Real estate investment funds encompass a variety of approaches and strategies designed to meet the needs and preferences of investors. Some of these types include:

Real estate investment trusts (REITs)

These funds invest in shares of publicly traded real estate companies. REITs offer a liquid way to invest in the real estate sector, as they are traded on stock exchanges. 

Direct real estate investment funds

These funds acquire and manage real estate properties directly, such as office buildings, apartments, shopping centers, or industrial properties. Investors in these funds own a proportional share of the underlying properties and generate income through rent and potential sales.

Real estate development funds

These funds focus on financing the development of new real estate projects. They invest in land acquisition, building construction, and property development. Profits are generated as the project is completed and the units are sold or leased.

Real estate debt funds

In this category, investors invest in real estate-backed loans rather than purchasing properties directly. Investors receive income from the interest paid by borrowers.

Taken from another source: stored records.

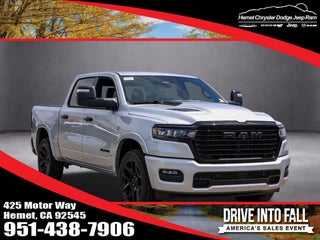2026 RAM 1500 Laramie Night Edition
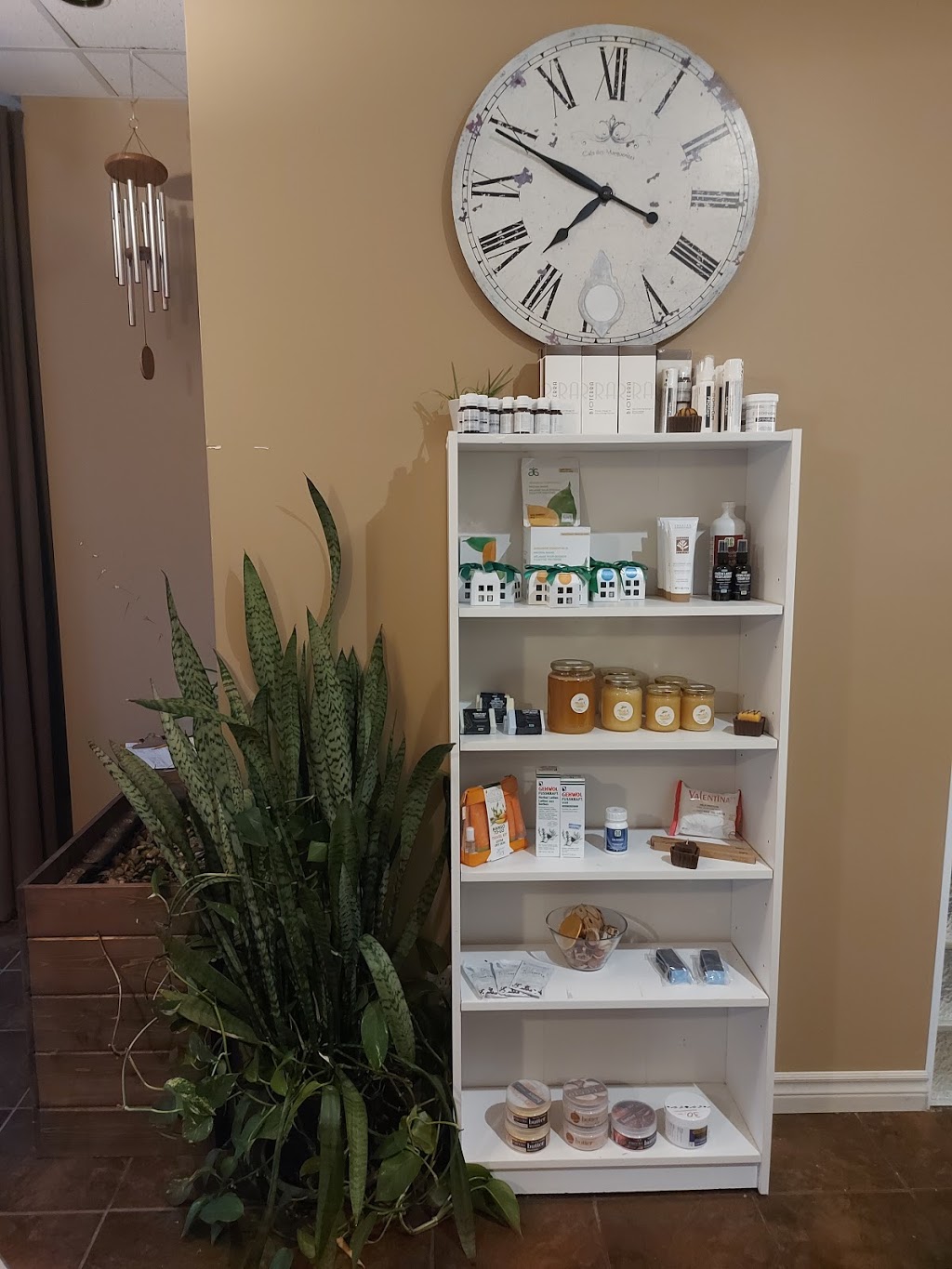 Détente et Bien-Être Chez Verena Hurni | 1136 Rue du Marché, Acton Vale, QC J0H 1A0, Canada | Phone: (450) 546-9888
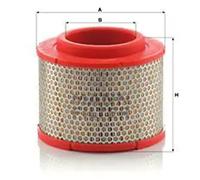 Air filter Filter Insert C 23 107 MANN-FILTER for FORD TOYOTA MAZDA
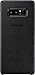 Samsung Alcantara Cover Case for Galaxy Note 8 - Black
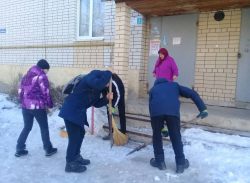 Акция "#75добрыхдел" продолжается на территории Краснопартизанского муниципального района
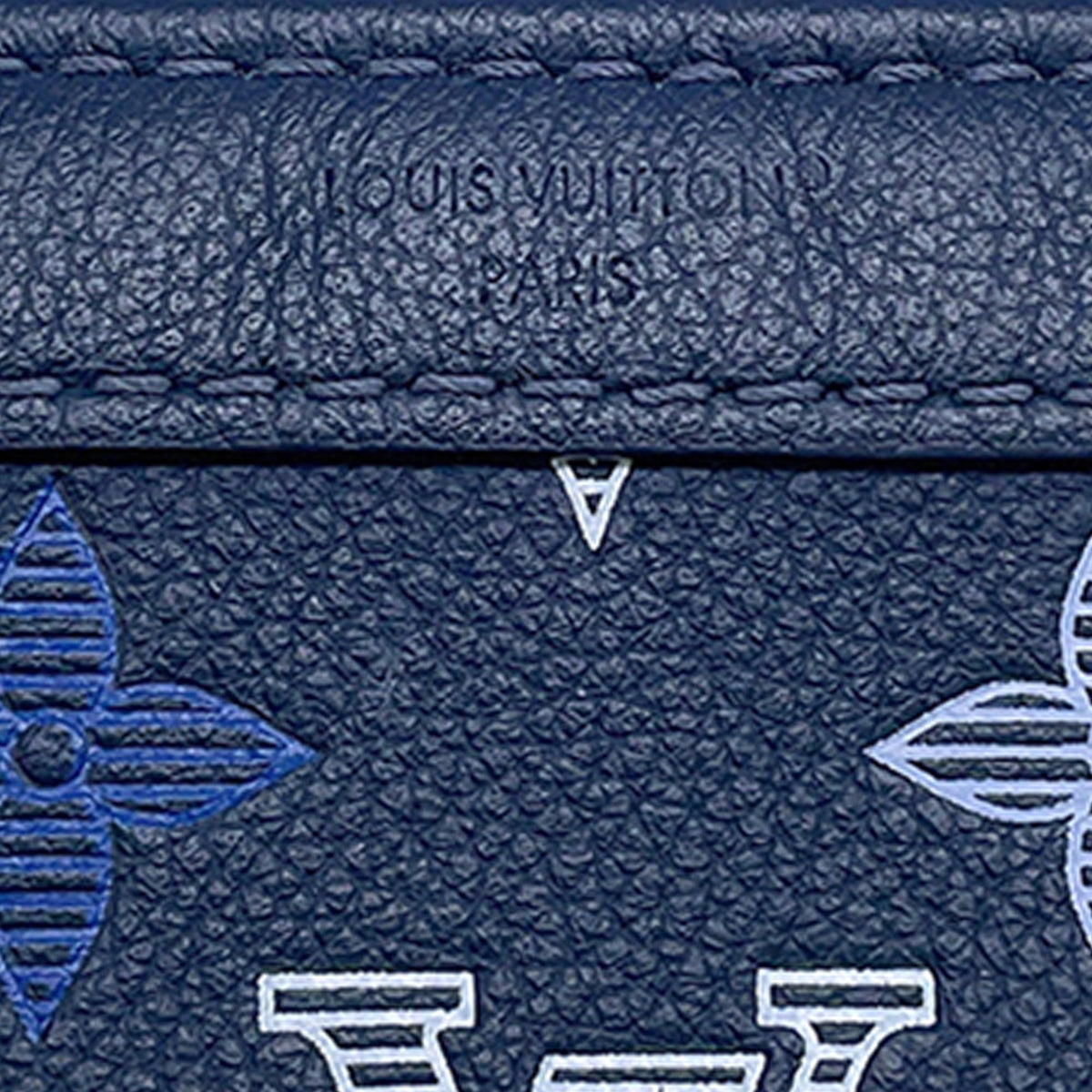 Louis Vuitton Monogram Shadow Gaston Wearable Wallet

Real estate venture capital funds

These funds focus on more speculative or higher-risk investments, such as investing in emerging markets. Investors in these funds seek high-return opportunities, but they are also exposed to greater risks.

Global or international funds: Global funds invest in real estate across different countries or regions of the world, offering investors the opportunity to diversify their portfolios internationally. This feature helps mitigate the risk associated with geographic concentration.

Sector-specific funds

Some funds specialize in a particular sector of the real estate market, such as the healthcare sector (investments in hospitals and clinics), industrial real estate (warehouses and factories), or commercial real estate (shopping centers and offices). This segmentation makes it easier to understand the market in which they operate.

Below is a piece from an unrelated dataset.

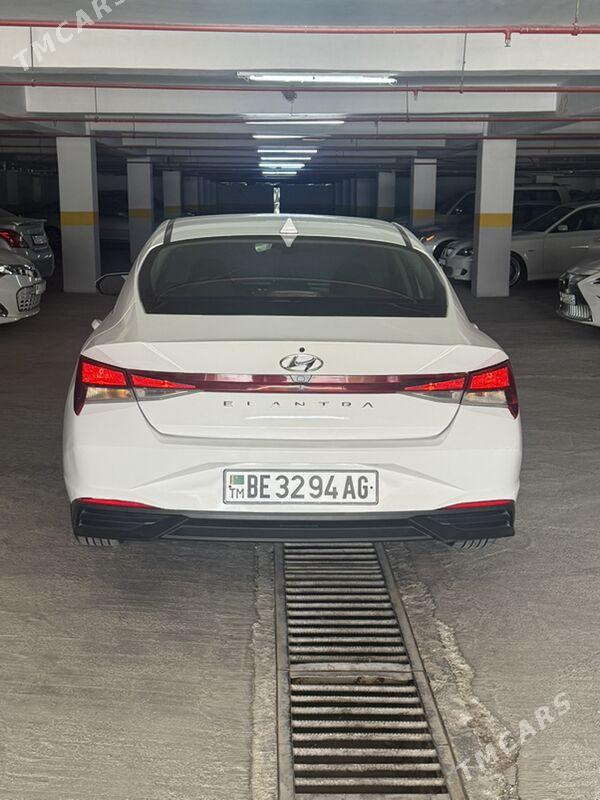 Hyundai Elantra 2021 - 205 000 TMT - 30 мкр - img 6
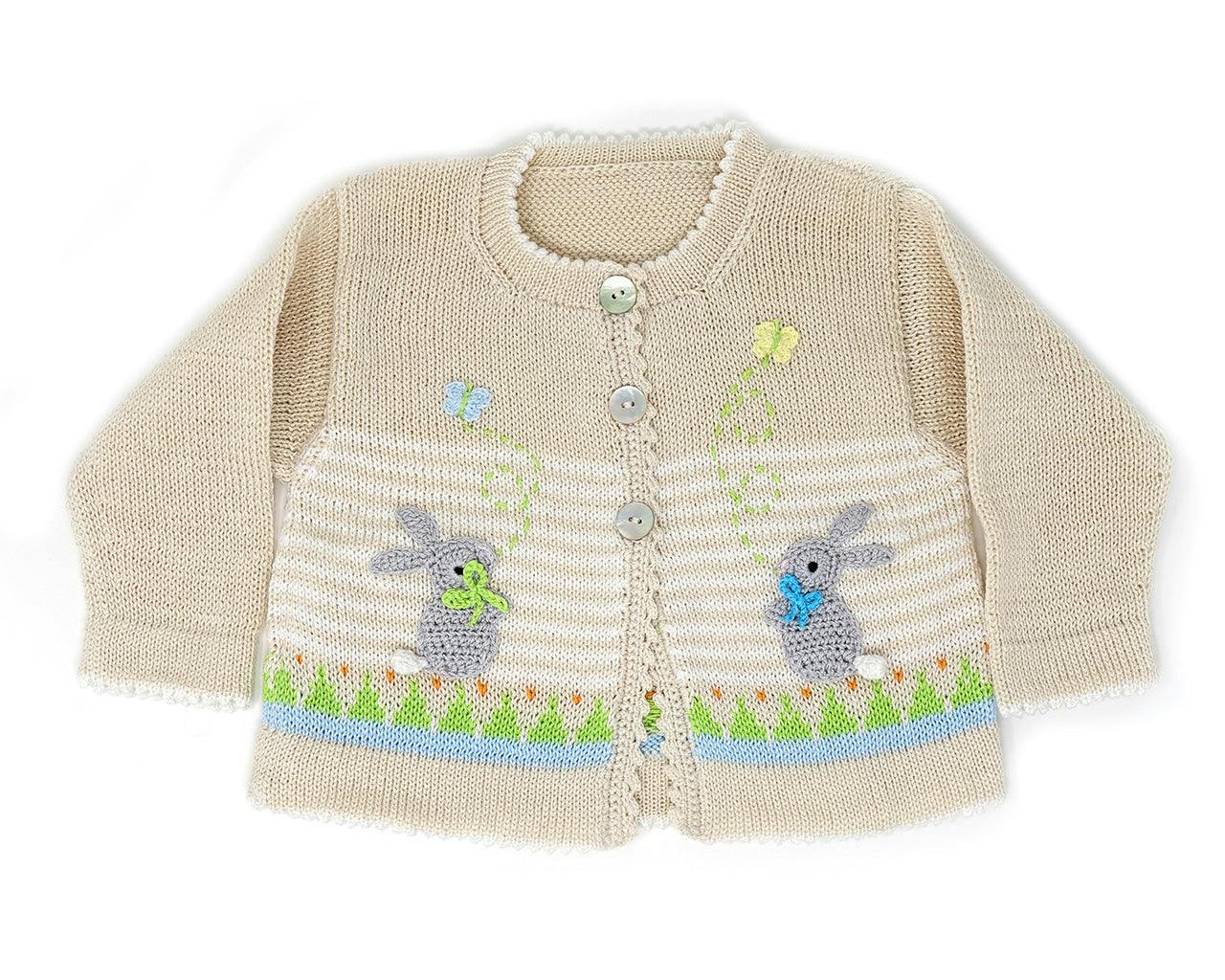 Crochet Cardigan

Characteristics of a real estate investment fund

REITs are financial instruments that allow investors to gain exposure to the real estate market in a diversified manner, without having to purchase properties directly. This is just one of their many features; the others include:

•As mentioned earlier, they typically have a diversified portfolio of assets, which may include commercial, residential, and industrial properties, land, and more.

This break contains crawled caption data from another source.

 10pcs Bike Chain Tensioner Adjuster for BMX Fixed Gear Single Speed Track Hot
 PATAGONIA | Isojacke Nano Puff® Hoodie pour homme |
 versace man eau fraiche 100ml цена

•Access to a variety of real estate investments that might otherwise be out of reach for investors with limited capital. This includes large-scale projects, such as shopping centers or major real estate developments.

•They are managed by professionals with experience in the real estate market. 

•They typically have limited liquidity compared to stocks or bonds. 

•The rental income generated by the properties in the portfolio is distributed periodically to investors in the form of dividends. 

•Regular reports should be prepared detailing the fund’s performance, assets under management, income generated, and other relevant information. Transparency is essential.

•Although they diversify risk, real estate funds are exposed to fluctuations in the real estate market, such as changes in property prices and economic cycles.

Best real estate investment funds

Determining which real estate investment funds are the best depends on several factors and can vary depending on the investor’s individual goals and preferences. Here are some criteria and considerations that can help you decide which real estate investment fund is best for you:

  • It is essential to analyze the fund's performance history over time. 
  • Assess the fund's portfolio diversification. The best funds typically have a diversified portfolio of properties.
  • Investigate the management company's experience and track record.
  • Understand the fees associated with the fund, such as management fees and commissions. 
  • Assess the fund's liquidity. How long would it take to recoup your investment if you wanted to sell your shares? 
  • Assess your own risk tolerance and the level of risk associated with the fund. 
  • Set your investment goals.
  • Ensure that the fund provides investors with adequate information and transparency. 
  • Research the reputation of the management company and look for reviews and feedback from other investors. 
  • Consider your investment horizon. Real estate funds are often long-term investments, so it’s important to have a long-term investment strategy.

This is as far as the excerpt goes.